The initiative addresses barriers such as limited access to capital, insufficient mentorship, a scarcity of investors, and weak organizational support, problems that have historically stifled innovation across the continent.
Madica’s approach extends beyond capital injection. It provides hands-on support, helping founders build resilient business models capable of solving real social and economic problems.
Through its curriculum and coaching structure, the programme seeks to foster innovation, entrepreneurship, and wealth creation, bridging the gap between African ingenuity and global opportunity.
The New Investments
The new round of funding in Anavid and Hypeo AI brings Madica’s total portfolio to 10 startups, following four earlier investments made in February.
Each beneficiary receives up to $200,000 and enters an 18-month support programme that includes a customized curriculum, mentorship, and two fully-funded tech immersion trips, one within Africa and one abroad.
The programme is tailored to help startups refine their products, build strong management teams, and connect with Madica’s global network of investors.
This strategy is designed to make them more attractive to larger venture funds and to position them for long-term scalability in Africa’s competitive tech landscape.
The Startups Funded
Anavid, a Tunisian AI-powered solution, enhances existing retail surveillance systems by integrating with store cameras to reduce shoplifting losses and improve the overall customer experience.

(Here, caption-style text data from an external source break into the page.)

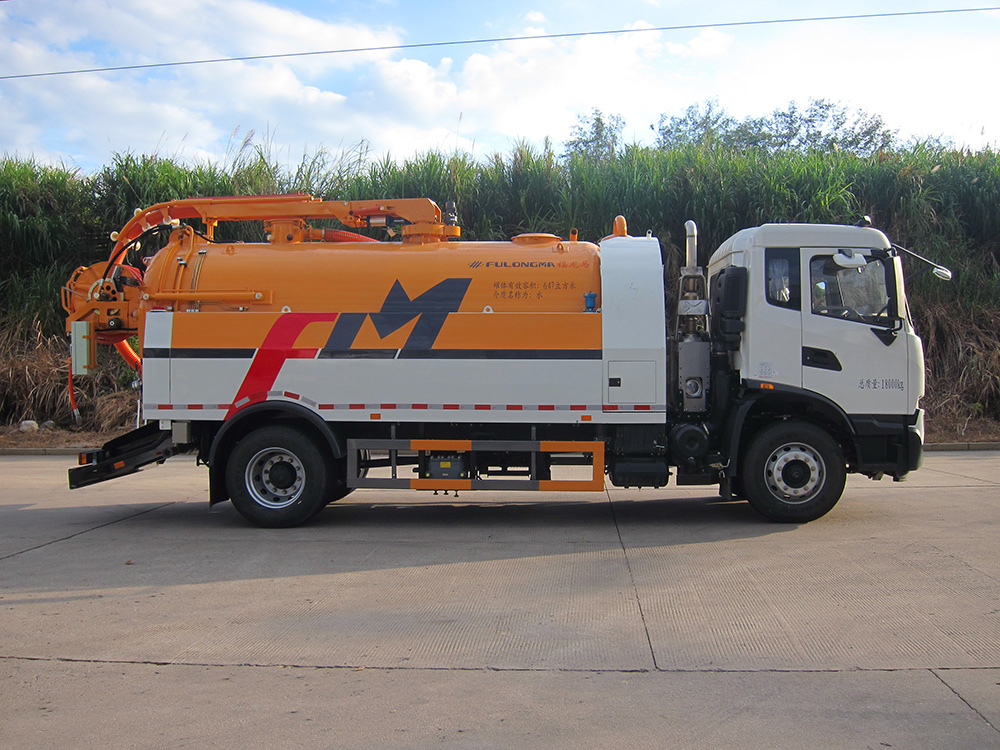 sewer high-pressure cleaning dredge vehicle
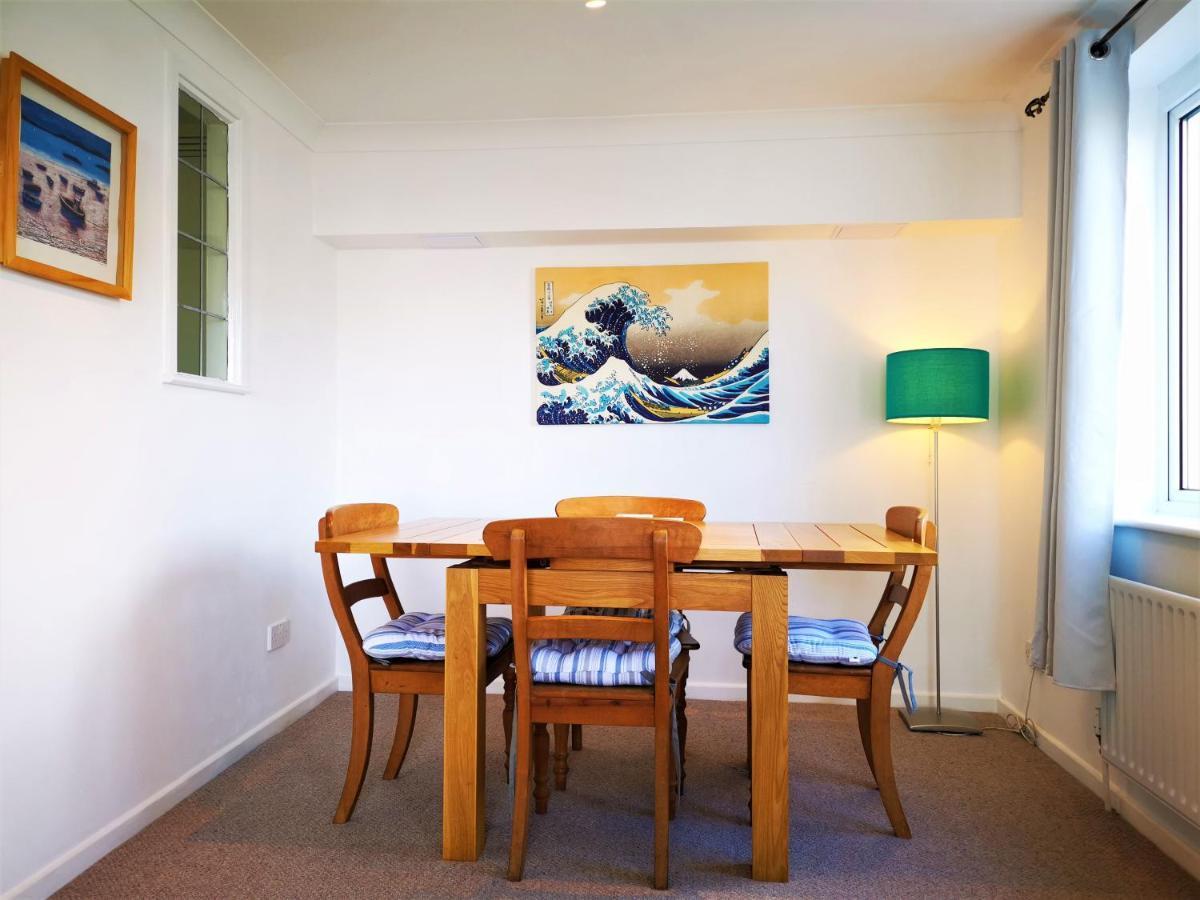 Marina Living With Parking, Balcony, Quiet And Secure Apartment Brighton Luaran gambar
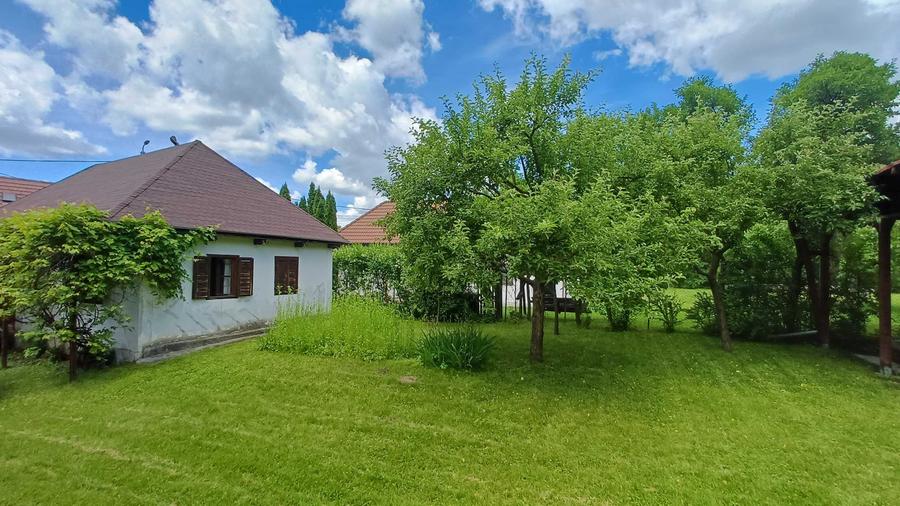 Casă cu 3 camere în Bicfalău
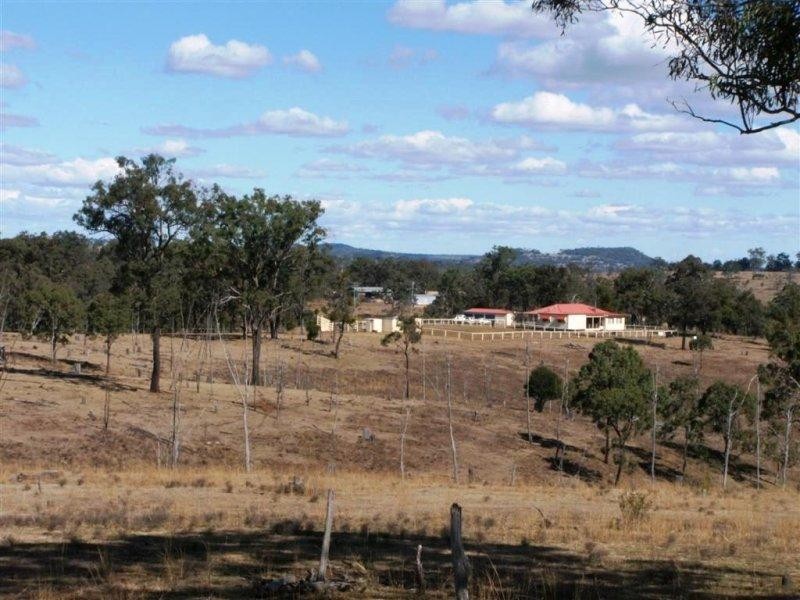 216 Peters Road, Groomsville QLD 4352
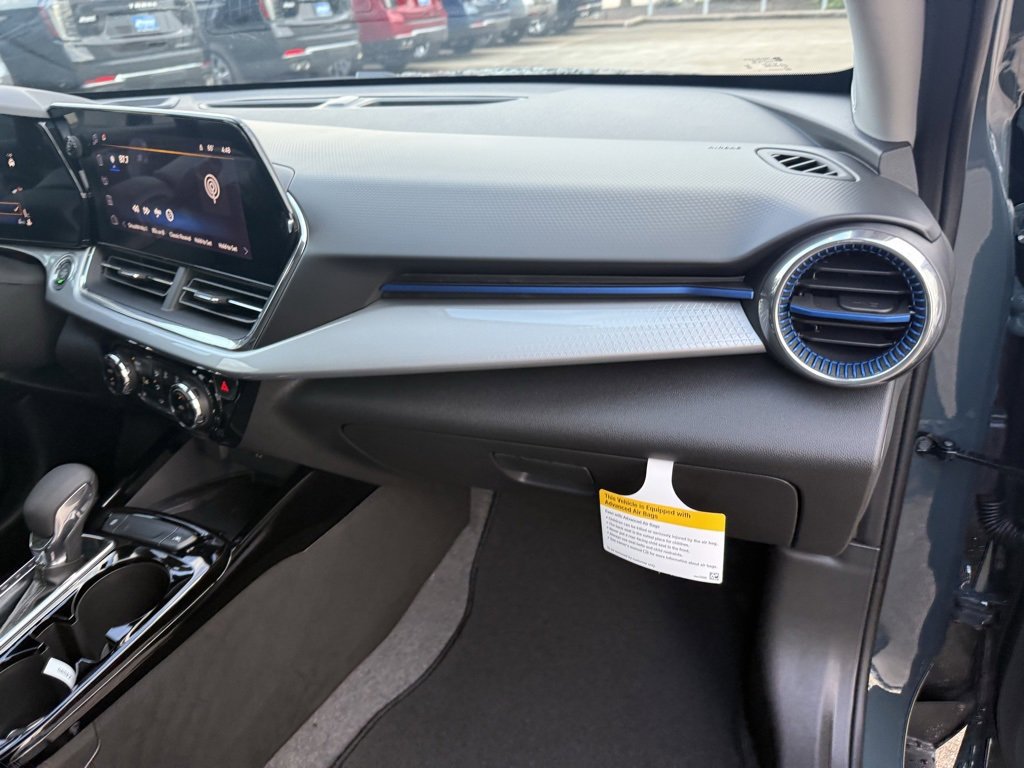 New 2026 Chevrolet Trax LT w/ Sunroof Package image 43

Its technology reflects a growing wave of North African startups using AI to tackle real-world business inefficiencies.
On the other hand, Hypeo AI, based in Morocco, is a software-as-a-service (SaaS) platform that automates every stage of influencer marketing, from brand matching and content validation to payment management.

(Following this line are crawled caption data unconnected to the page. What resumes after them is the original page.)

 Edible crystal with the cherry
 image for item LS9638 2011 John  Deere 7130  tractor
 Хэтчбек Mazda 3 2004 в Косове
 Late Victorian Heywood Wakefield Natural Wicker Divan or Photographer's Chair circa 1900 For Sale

The platform aims to simplify how brands and creators connect, collaborate, and get paid, leveraging AI to replace the traditionally manual and time-consuming process.

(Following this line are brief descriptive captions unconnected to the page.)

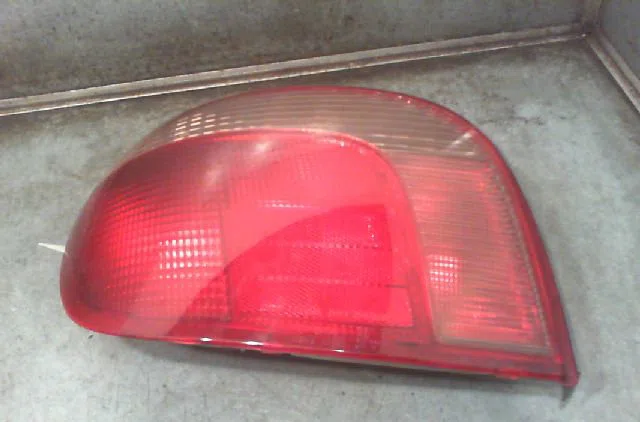 Feu arrière gauche TOYOTA YARIS 2002 occasion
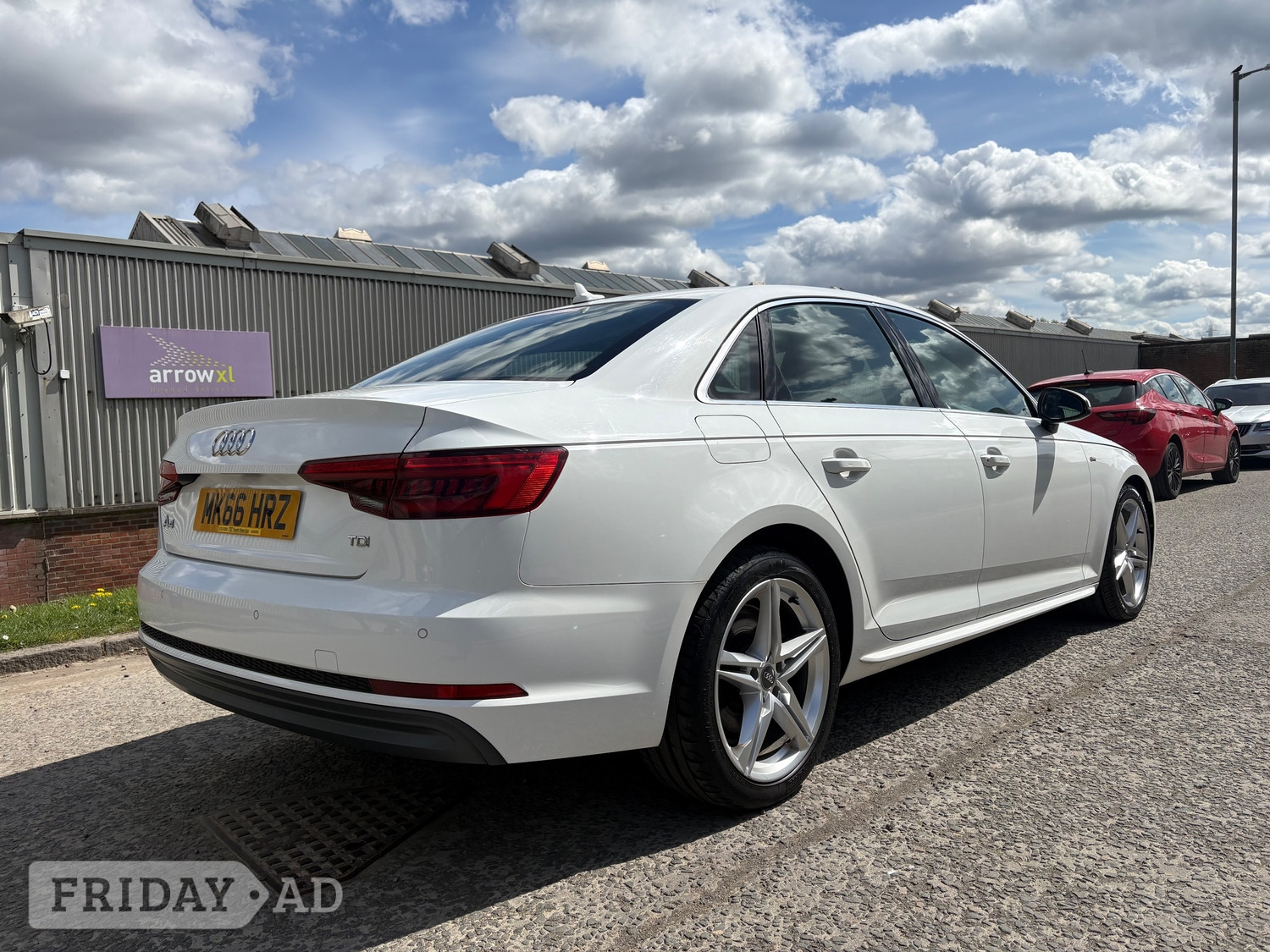 [ berth ]Audi A4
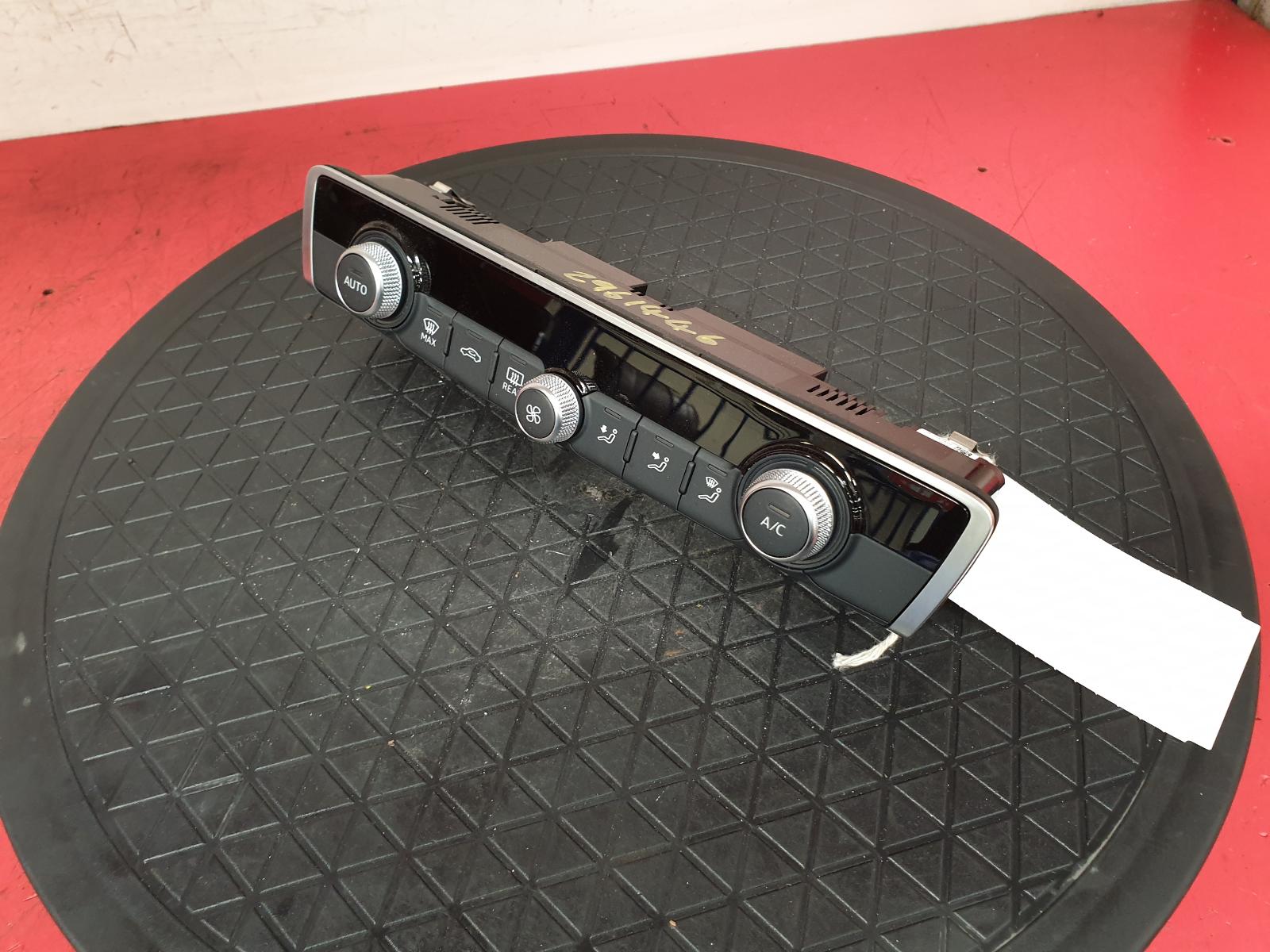 Heater/AC Controller Q3 Audi 2019 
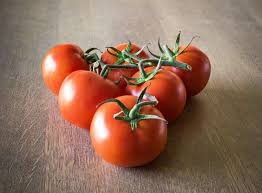 Les Tomates Fruits Et Legumes Frais Fruits Et Legumes Legumes Frais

“Our region is rapidly growing with creative energy, but without the right digital backbone, it often goes untapped,” said Meriam Bessa, Co-founder and CEO of Hypeo AI.
“We’re changing that by using AI to reimagine how brands and creators find each other, collaborate, and thrive. Backing by Madica will help us strengthen our AI capabilities to achieve this goal.”
A Bigger Collaboration: Madica and ABAN
Recently, Madica, with a move to expand investment flow and strengthen ecosystem connectivity, strategically partnered with the African Business Angel Network (ABAN) during the just concluded ABAN Congress in Lagos.
The collaboration aims to connect angel investors, individuals who fund early-stage startups, with institutional capital to co-invest and share deal flow across Africa.
Through this partnership, ABAN-affiliated angels and Madica will explore joint funding opportunities for portfolio companies, ensuring that more startups gain access to local capital and long-term support.
“The future of Africa’s innovation economy depends on how effectively we can mobilize local capital and empower local investors,” said Yemi Keri, President of ABAN.
“Our collaboration with Madica helps bridge the gap between angel investors and institutional capital, ensuring that more funding comes from within the continent.”
Why This Matters for Africa’s Startup Ecosystem
Africa’s startup scene continues to show resilience and promise despite global funding slowdowns.
According to Partech Africa’s 2024 report, total startup funding on the continent reached $3.5 billion, with pre-seed and seed stages accounting for about 30% of total deal volume, underscoring the critical role of early-stage backers like Madica.
By focusing on the pre-seed level, Madica fills a gap often overlooked by large investors who prefer later-stage ventures.
Its commitment to both financial and non-financial support strengthens the continent’s innovation pipeline, ensuring that startups in less-represented regions gain visibility and growth opportunities.
Madica’s latest investments in Anavid and Hypeo AI reflect a growing confidence in AI-driven African solutions capable of solving local problems with global potential.
With strategic alliances like the one with ABAN, the programme is not only nurturing individual startups but also building a stronger, more self-sustaining African innovation ecosystem, one driven by homegrown capital, mentorship, and vision.